When Fox retired as Rector of Delamere in 1873, he returned to the Isle of Wight to live at "Broadlands", Sandown, until his death in 1880 and is buried on the Isle of Wight.

== Marriages and children ==
Fox married twice and had 18 children, though the first was stillborn. His first wife was Harriet Fletcher, (1799–1842), daughter of Sir Richard Fletcher and Elizabeth Mudge, whom he married in 1834.

Their six children were:
- a stillborn girl born in 1834;
- Eliza Ann (1836-1874), wife of Rev. Henry Martyn Sanders
- Harriet Emma born 1837, wife of Samuel Charlesworth Overton
- Agnes Jane (1839–1906)
- Julia Mary Anne born 1840, wife of Samuel Everard Woods
- and Samuel William Darwin born 1841

His second wife, whom he married in 1846, was Ellen Sophia (1820–1887), daughter of Basil George Woodd and Mary Mitton of Hillfield, Hampstead.

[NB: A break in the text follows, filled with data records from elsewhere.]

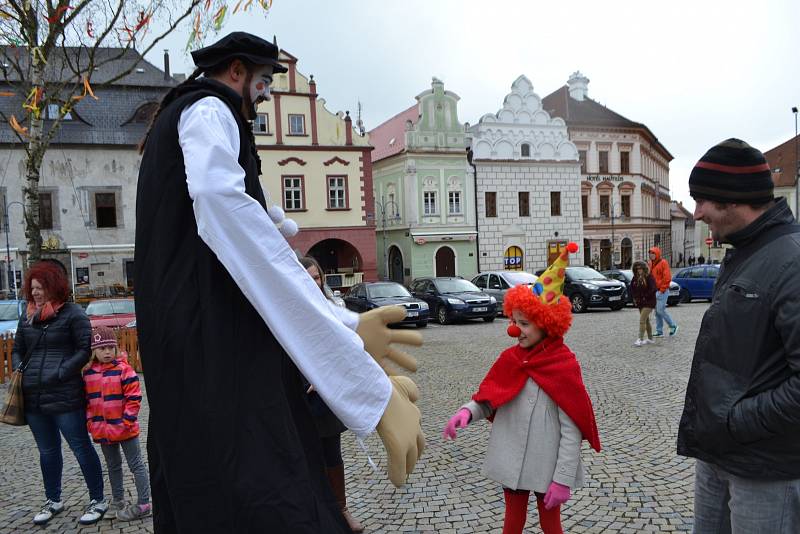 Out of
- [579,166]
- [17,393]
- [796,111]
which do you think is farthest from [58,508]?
[796,111]

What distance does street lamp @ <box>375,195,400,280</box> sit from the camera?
34625mm

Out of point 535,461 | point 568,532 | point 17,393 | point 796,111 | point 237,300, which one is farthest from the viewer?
point 796,111

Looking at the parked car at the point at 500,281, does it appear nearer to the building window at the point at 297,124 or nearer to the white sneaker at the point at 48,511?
the building window at the point at 297,124

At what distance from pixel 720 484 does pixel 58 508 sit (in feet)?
14.7

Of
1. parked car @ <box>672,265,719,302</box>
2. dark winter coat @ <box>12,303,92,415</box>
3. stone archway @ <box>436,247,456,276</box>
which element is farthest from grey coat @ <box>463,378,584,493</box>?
stone archway @ <box>436,247,456,276</box>

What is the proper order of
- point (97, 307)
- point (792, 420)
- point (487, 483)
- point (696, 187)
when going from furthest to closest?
1. point (97, 307)
2. point (487, 483)
3. point (696, 187)
4. point (792, 420)

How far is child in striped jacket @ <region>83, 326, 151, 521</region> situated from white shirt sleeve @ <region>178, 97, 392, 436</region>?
3572 mm

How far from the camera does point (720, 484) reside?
2.21m

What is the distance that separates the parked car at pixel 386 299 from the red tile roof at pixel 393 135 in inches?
655

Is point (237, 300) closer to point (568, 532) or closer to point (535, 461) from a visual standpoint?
point (535, 461)

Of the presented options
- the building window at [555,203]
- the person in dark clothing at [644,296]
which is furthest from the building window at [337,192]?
the person in dark clothing at [644,296]

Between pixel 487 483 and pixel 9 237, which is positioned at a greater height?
pixel 9 237

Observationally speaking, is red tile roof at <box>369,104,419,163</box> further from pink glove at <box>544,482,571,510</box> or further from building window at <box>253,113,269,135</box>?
pink glove at <box>544,482,571,510</box>

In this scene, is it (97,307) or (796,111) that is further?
(796,111) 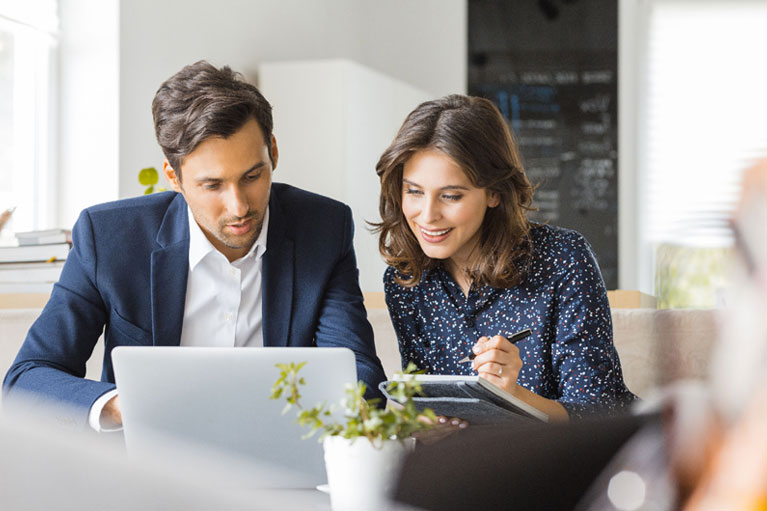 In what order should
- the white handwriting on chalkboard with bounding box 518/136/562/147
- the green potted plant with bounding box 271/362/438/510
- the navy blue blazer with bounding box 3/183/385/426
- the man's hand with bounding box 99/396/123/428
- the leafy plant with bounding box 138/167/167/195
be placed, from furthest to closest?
the white handwriting on chalkboard with bounding box 518/136/562/147
the leafy plant with bounding box 138/167/167/195
the navy blue blazer with bounding box 3/183/385/426
the man's hand with bounding box 99/396/123/428
the green potted plant with bounding box 271/362/438/510

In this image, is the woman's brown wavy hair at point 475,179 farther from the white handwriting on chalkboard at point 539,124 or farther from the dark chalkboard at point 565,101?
the white handwriting on chalkboard at point 539,124

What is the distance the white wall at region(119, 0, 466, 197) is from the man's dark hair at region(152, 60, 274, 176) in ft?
6.31

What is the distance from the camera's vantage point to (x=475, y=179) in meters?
1.85

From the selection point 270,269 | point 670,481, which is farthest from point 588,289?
point 670,481

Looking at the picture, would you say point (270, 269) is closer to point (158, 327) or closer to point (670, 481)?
point (158, 327)

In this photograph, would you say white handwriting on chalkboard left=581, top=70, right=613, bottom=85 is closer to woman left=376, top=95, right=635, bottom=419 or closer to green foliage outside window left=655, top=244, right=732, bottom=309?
woman left=376, top=95, right=635, bottom=419

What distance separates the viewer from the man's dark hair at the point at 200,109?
1.64m

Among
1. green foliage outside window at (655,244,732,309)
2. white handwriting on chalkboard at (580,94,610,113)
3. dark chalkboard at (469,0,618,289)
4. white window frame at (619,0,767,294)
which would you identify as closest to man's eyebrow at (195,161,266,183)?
green foliage outside window at (655,244,732,309)

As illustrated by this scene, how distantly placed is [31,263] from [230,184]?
3.36 ft

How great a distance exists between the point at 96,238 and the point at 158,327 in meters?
0.21

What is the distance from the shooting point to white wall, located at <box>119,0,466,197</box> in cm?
362

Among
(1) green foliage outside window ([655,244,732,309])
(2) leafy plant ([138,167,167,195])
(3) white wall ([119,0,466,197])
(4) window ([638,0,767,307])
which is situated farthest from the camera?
(4) window ([638,0,767,307])

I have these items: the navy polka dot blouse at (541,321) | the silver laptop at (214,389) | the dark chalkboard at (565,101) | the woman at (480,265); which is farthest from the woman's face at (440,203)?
the dark chalkboard at (565,101)

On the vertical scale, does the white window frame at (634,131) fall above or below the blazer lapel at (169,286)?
above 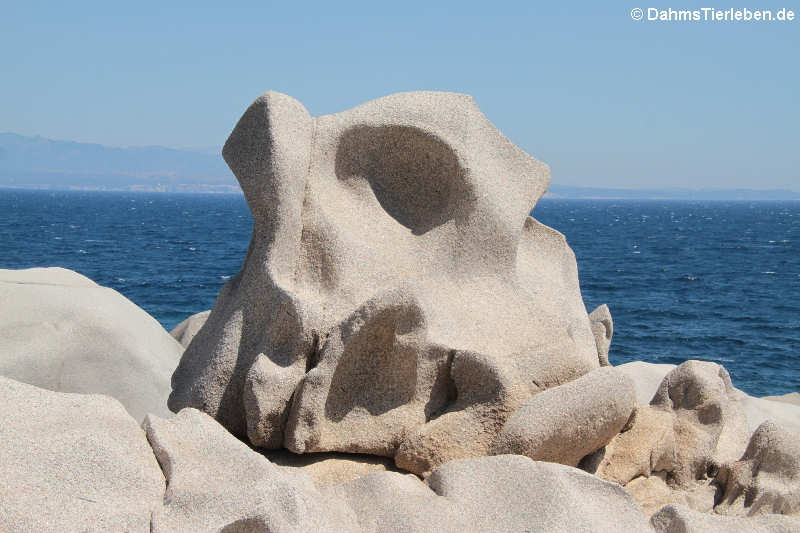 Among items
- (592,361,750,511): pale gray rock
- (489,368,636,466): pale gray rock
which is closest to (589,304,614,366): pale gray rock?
(592,361,750,511): pale gray rock

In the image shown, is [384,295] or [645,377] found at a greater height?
[384,295]

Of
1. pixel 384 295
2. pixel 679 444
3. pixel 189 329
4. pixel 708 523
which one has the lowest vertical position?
pixel 189 329

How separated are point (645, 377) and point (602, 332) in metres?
2.05

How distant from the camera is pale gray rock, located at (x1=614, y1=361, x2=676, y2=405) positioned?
9.48 m

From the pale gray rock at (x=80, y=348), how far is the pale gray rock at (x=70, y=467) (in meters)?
5.42

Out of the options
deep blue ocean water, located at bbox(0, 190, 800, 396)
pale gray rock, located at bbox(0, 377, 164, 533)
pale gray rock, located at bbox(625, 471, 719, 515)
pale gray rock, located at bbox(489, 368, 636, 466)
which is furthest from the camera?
deep blue ocean water, located at bbox(0, 190, 800, 396)

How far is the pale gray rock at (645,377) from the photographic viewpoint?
948 centimetres

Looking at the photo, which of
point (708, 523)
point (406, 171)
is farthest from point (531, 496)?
point (406, 171)

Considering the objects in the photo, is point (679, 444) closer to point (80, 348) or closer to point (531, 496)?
point (531, 496)

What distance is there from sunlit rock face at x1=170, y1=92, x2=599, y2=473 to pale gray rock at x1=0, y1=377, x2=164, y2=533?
1.51 m

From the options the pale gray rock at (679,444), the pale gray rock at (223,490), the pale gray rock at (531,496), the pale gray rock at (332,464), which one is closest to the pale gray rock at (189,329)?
the pale gray rock at (332,464)

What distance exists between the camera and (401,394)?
6.13 meters

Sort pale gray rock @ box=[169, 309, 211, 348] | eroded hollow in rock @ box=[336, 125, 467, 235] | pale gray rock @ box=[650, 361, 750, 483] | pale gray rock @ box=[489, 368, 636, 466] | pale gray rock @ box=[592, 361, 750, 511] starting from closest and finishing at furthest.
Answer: pale gray rock @ box=[489, 368, 636, 466], pale gray rock @ box=[592, 361, 750, 511], pale gray rock @ box=[650, 361, 750, 483], eroded hollow in rock @ box=[336, 125, 467, 235], pale gray rock @ box=[169, 309, 211, 348]

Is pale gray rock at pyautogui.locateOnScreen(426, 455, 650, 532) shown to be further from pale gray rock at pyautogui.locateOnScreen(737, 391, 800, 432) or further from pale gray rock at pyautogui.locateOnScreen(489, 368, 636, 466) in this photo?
pale gray rock at pyautogui.locateOnScreen(737, 391, 800, 432) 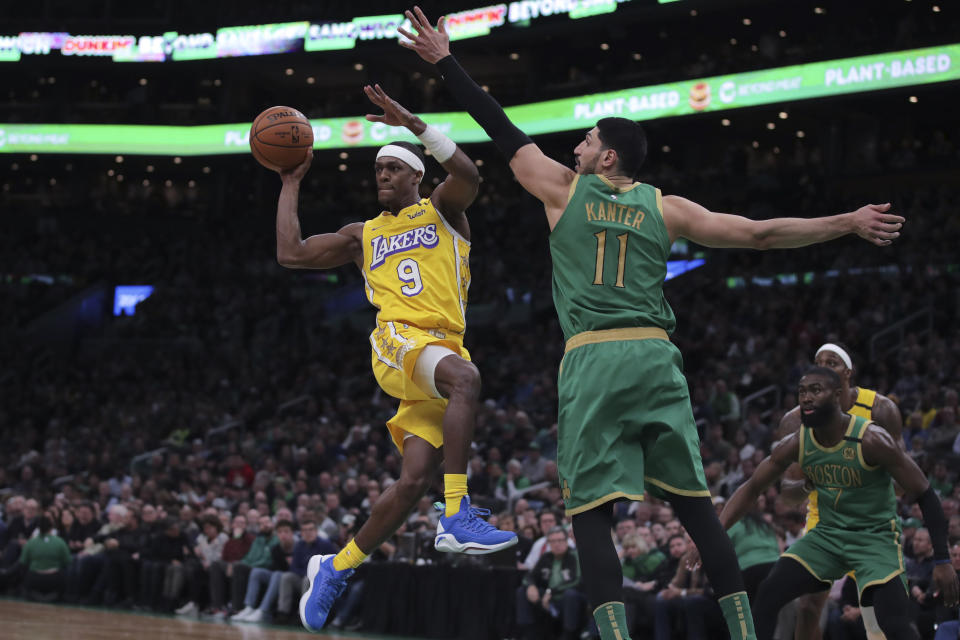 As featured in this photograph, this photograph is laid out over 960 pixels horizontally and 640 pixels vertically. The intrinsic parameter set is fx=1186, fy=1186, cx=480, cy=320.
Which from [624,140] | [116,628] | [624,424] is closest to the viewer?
[624,424]

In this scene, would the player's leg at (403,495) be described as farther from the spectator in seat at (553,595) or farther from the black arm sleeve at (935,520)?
the spectator in seat at (553,595)

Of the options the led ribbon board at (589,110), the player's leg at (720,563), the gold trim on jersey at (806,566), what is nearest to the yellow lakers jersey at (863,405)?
the gold trim on jersey at (806,566)

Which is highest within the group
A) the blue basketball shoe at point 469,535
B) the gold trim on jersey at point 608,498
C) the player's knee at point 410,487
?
the player's knee at point 410,487

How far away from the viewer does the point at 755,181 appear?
25.3 metres

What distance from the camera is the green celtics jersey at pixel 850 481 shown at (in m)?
6.71

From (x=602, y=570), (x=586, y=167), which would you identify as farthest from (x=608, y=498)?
(x=586, y=167)

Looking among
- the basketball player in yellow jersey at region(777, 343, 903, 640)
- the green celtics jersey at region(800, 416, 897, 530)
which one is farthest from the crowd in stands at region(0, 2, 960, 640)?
the green celtics jersey at region(800, 416, 897, 530)

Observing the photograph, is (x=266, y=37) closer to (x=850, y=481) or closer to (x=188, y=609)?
(x=188, y=609)

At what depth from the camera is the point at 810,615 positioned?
6.96 m

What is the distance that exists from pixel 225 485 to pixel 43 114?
18899mm

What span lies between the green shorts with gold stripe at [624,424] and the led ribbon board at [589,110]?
53.1 ft

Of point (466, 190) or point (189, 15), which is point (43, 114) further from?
point (466, 190)

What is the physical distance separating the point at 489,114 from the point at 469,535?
192 cm

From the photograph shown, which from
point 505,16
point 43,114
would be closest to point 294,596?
point 505,16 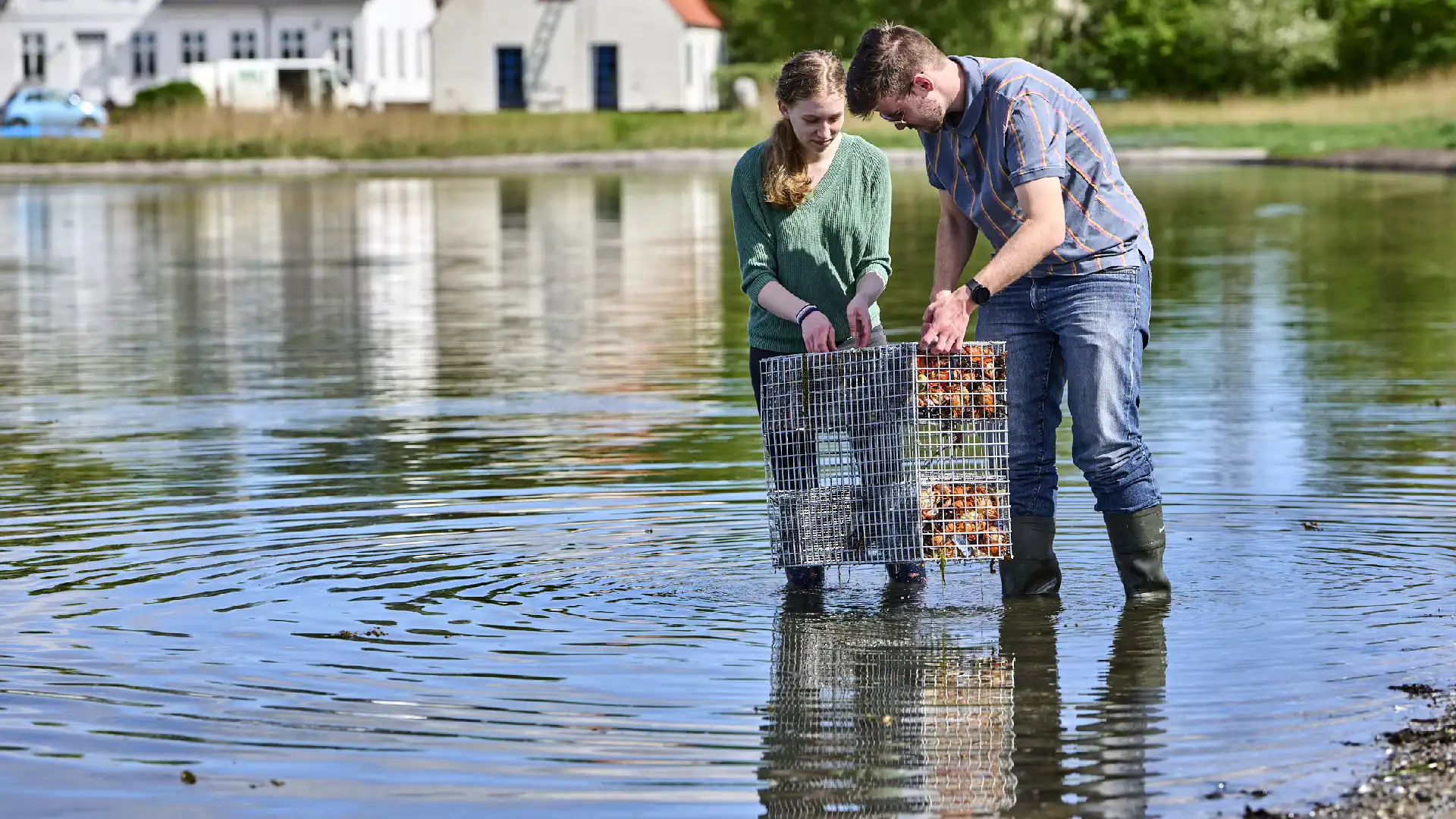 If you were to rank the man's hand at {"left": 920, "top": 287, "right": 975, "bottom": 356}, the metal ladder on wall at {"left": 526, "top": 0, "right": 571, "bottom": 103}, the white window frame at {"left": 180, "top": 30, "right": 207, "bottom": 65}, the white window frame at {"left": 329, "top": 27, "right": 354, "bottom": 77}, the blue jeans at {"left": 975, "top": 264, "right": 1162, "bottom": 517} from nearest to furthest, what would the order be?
1. the man's hand at {"left": 920, "top": 287, "right": 975, "bottom": 356}
2. the blue jeans at {"left": 975, "top": 264, "right": 1162, "bottom": 517}
3. the metal ladder on wall at {"left": 526, "top": 0, "right": 571, "bottom": 103}
4. the white window frame at {"left": 329, "top": 27, "right": 354, "bottom": 77}
5. the white window frame at {"left": 180, "top": 30, "right": 207, "bottom": 65}

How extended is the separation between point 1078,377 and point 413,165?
47.4 m

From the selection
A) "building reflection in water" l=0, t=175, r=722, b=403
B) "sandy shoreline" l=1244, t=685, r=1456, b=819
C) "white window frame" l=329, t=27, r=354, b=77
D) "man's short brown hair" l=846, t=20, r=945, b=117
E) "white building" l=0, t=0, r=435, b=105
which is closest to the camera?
"sandy shoreline" l=1244, t=685, r=1456, b=819

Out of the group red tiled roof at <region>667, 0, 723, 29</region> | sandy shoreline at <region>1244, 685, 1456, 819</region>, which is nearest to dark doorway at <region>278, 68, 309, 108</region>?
red tiled roof at <region>667, 0, 723, 29</region>

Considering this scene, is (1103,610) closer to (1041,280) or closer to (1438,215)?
(1041,280)

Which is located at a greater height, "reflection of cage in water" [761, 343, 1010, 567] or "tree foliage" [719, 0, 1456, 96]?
"tree foliage" [719, 0, 1456, 96]

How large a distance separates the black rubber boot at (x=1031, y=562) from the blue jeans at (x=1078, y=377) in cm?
5

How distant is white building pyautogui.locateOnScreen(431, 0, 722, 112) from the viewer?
Answer: 71.0 metres

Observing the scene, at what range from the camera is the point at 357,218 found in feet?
114

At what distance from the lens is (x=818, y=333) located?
7.33 m

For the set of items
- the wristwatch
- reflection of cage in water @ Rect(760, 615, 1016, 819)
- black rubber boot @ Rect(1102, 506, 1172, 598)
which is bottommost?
reflection of cage in water @ Rect(760, 615, 1016, 819)

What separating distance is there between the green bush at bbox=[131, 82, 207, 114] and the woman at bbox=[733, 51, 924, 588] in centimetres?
5360

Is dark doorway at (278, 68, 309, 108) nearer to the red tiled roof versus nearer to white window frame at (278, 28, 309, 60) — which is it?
white window frame at (278, 28, 309, 60)

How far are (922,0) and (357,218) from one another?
128ft

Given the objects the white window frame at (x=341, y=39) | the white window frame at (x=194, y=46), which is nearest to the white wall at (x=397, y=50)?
the white window frame at (x=341, y=39) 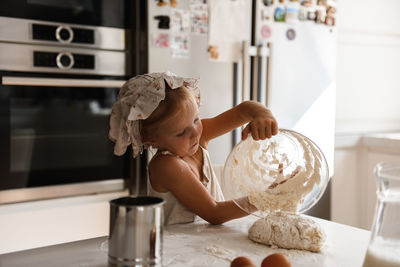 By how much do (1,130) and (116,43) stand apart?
1.74 feet

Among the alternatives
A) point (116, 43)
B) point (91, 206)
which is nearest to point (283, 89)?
point (116, 43)

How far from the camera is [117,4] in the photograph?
5.84 feet

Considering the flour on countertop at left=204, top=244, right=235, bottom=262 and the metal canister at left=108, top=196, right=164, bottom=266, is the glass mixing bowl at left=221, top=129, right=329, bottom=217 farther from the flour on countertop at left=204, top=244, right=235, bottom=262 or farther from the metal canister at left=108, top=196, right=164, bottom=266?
the metal canister at left=108, top=196, right=164, bottom=266

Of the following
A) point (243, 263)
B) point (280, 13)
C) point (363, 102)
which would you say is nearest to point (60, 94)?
point (280, 13)

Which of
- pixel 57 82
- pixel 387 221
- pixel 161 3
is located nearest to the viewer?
pixel 387 221

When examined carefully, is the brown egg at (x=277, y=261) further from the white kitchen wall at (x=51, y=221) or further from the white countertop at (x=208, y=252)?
the white kitchen wall at (x=51, y=221)

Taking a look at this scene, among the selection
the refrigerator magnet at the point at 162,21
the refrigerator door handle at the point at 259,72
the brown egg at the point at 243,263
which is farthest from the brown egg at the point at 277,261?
the refrigerator door handle at the point at 259,72

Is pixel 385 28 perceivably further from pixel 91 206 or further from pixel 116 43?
pixel 91 206

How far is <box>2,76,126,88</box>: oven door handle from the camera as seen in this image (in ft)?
5.18

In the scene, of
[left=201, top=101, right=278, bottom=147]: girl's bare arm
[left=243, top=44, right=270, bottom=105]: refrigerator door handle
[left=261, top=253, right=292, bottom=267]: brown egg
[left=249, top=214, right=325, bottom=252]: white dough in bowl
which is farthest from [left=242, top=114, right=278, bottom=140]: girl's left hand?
[left=243, top=44, right=270, bottom=105]: refrigerator door handle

Their twelve children were:
- Charles Woodd (1847–1908)
- Frances Maria (1848–1921), wife of Alexander Pearce
- Robert Gerard (1849–1909)
- Louisa Mary (1851–1853)
- Ellen Elizabeth (1852–1923), wife of Baron Dickinson Webster, son of his namesake Baron Dickinson Webster
- Theodora (1853–1878)
- Gertrude Mary (1854–1900), wife of Frederick Charles Tindal Bosanquet
- Frederick William (1855–1931)
- Edith Darwin (1857–1892)
- Erasmus Pullien (1859–1939)
- Reginald Henry (1860–1933)
- Gilbert Basil (1865–1941)

Following the birth of the Foxes' 10th child, Charles Darwin made a tongue-in-cheek reference to the size of the Fox family and the trouble boys created compared with girls; in a letter to Fox in 1852.

==Confusion with William Fox the palaeontologist==
There is considerable confusion between Fox and his less celebrated contemporary the synonymic Rev. William Fox (1813–1881) who was also an amateur scientist and lived and worked on the Isle of Wight at the same time. William Darwin Fox is sometimes ascribed the credit for early dinosaur discoveries. William Darwin Fox was noted for his geological work, and entomology, but is not recorded as having any particular interest in dinosaurs.

==Confusion with social reformer William Johnson Fox==
Another source of confusion links to Charles Darwin. Writer Harriet Martineau became prominent through the Unitarian publication The Repository, edited by then-Rev. William Johnson Fox. Moving to London around 1830, she joined Fox's social circle of prominent thinkers which eventually linked her to Erasmus Alvey Darwin. Charles Darwin moved in with his brother in 1837 and both got to know Martineau to the extent that their family worried about either marrying the outspoken writer. The Darwin were cousins to William Darwin Fox. Meanwhile, Martineau's popularization of Thomas Malthus' theories of population control may have helped lead Charles Darwin to read Malthus.